** How to complete this task **
The listing below holds pictures; exclude them. Return exactly the lines from the one with "Kiralık baklava dilimli havalı yatak" through the one with "Lignano, esercitazione antincendio".

### Data under study

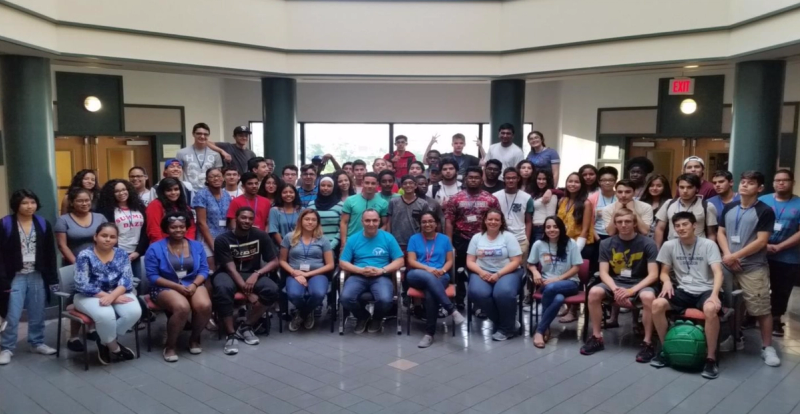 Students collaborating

######
### Data under study

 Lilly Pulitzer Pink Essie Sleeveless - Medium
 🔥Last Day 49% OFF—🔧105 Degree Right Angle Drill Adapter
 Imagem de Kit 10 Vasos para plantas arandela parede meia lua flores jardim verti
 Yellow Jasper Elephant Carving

######
### Data under study

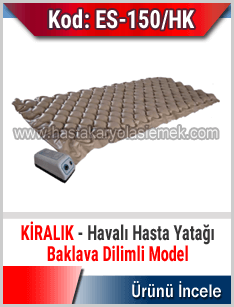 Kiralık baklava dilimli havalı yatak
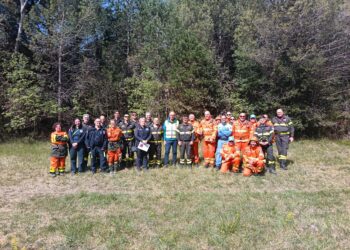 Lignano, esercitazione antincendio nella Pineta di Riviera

######

** Answer area **
 Kiralık baklava dilimli havalı yatak
 Lignano, esercitazione antincendio nella Pineta di Riviera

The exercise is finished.